Sun Cluster Data Services Planning and Administration Guide for Solaris OS

How to Add a Failover Application Resource to a Resource Group

A failover application resource is an application resource that uses logical hostnames that you previously created in a failover resource group.

To complete this procedure, you must supply the following information.

See the scrgadm(1M) man page for additional information.


Note –

Perform this procedure from any cluster node.

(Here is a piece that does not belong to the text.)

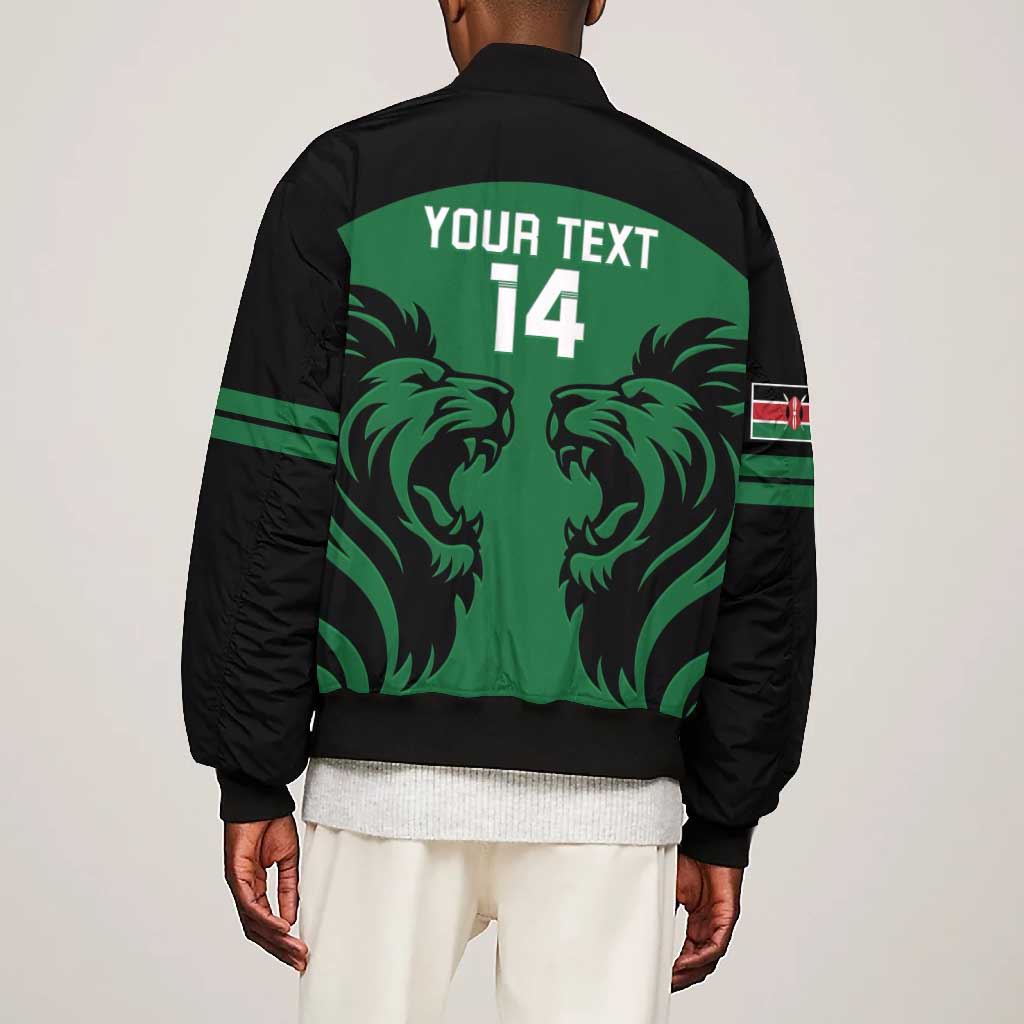 Custom Kenya Rugby Bomber Jacket 2024 Go Champions Simbas - Green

  1. Become superuser on a cluster member.

  2. Add a failover application resource to the resource group.


    # scrgadm -a -j resource -g resource-group -t resource-type \
    [-x Extension_property=value, …] [-y Standard_property=value, …]
    -a

    Adds a resource.

    -j resource

    Specifies your choice of the name of the resource to add.

    -g resource-group

    Specifies the name of the failover resource group created previously.

    -t resource-type

    Specifies the name of the resource type for the resource.

    -x Extension_property=value, …

    Specifies a comma-separated list of extension properties that depend on the particular data service. See the chapter for each data service to determine whether the data service requires this property.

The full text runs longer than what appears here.